Exercise instructions:
Please copy out the full listing that follows exactly; no picture belongs in the copy.

Information provided:

BEGIN

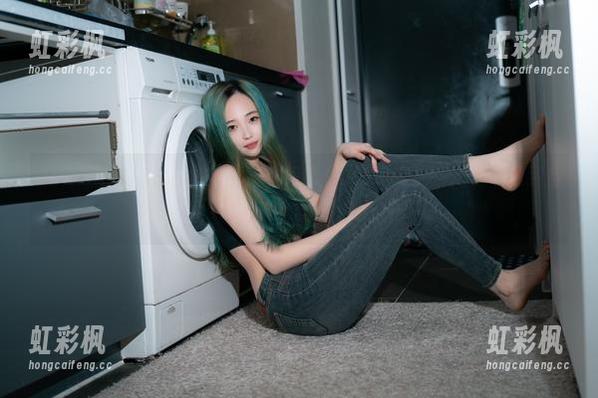 Bambi(밤비)分享的写真集，如何在“BLUECAKE”中找到自己的“Diesel”？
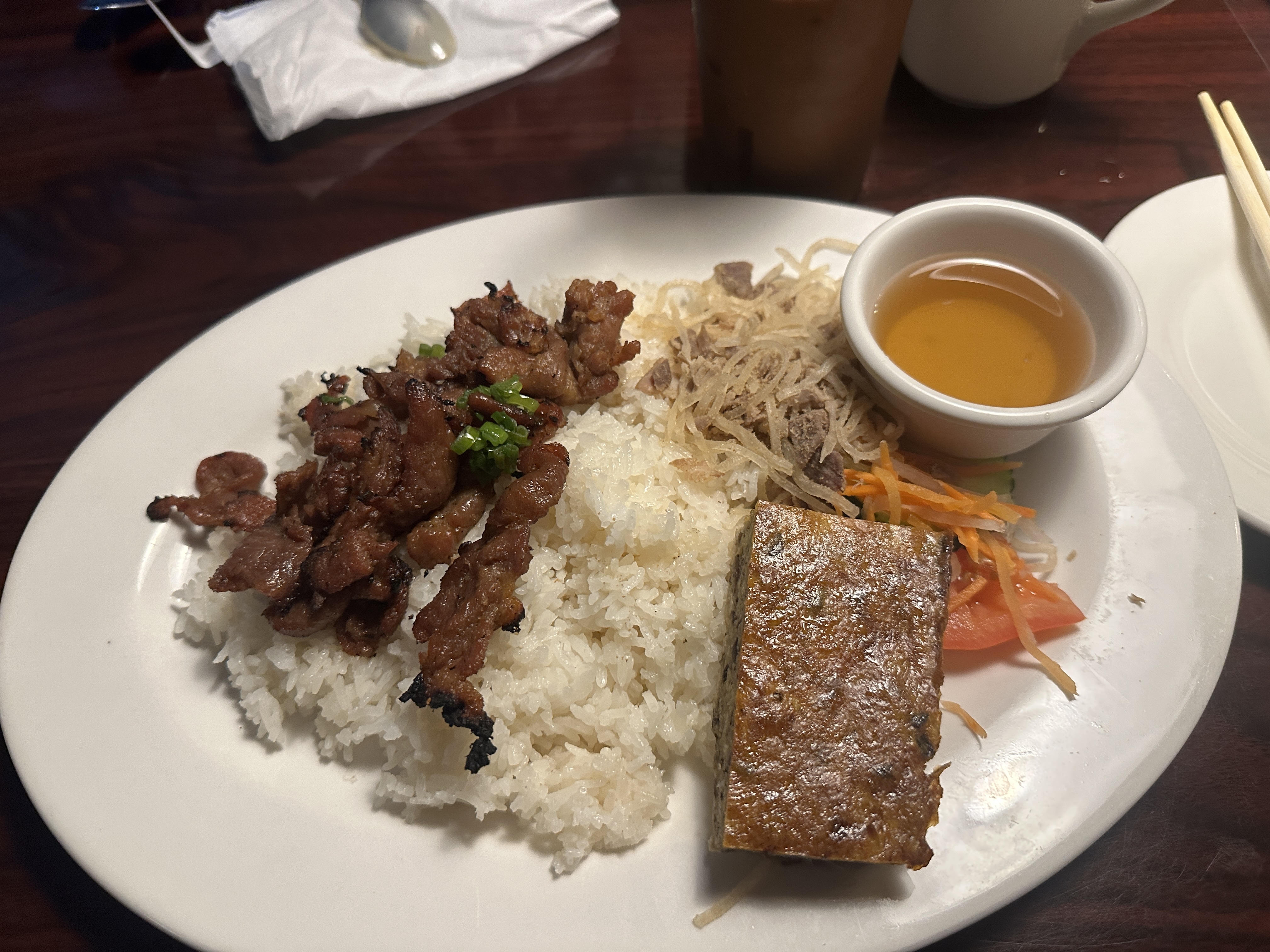 92033BD5-9CD3-45F4-B9C6-0A424D3068F1_1_201_a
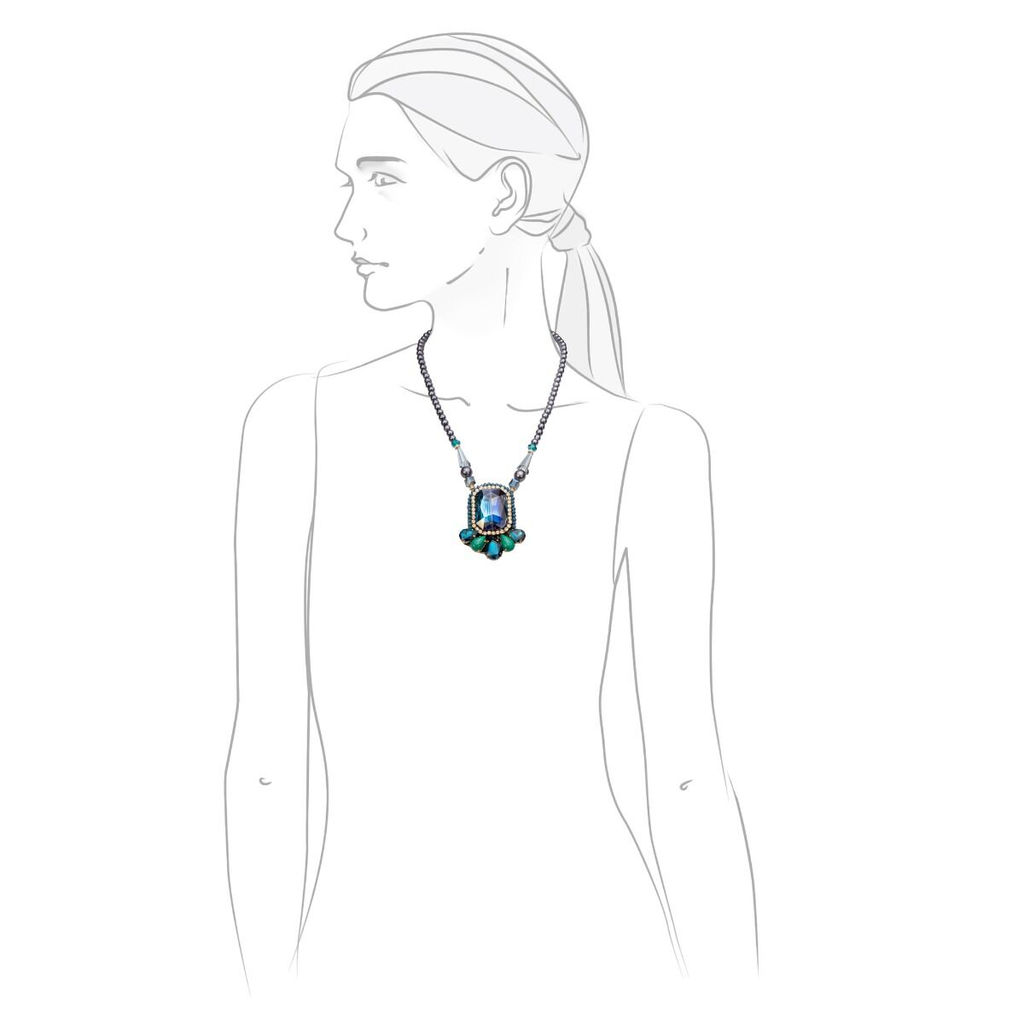 Короткое ожерелье из бусин с подвеской цвета ТОПАЗ - Модные истории фото 3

END

Response below:
 Bambi(밤비)分享的写真集，如何在“BLUECAKE”中找到自己的“Diesel”？
 92033BD5-9CD3-45F4-B9C6-0A424D3068F1_1_201_a
 Короткое ожерелье из бусин с подвеской цвета ТОПАЗ - Модные истории фото 3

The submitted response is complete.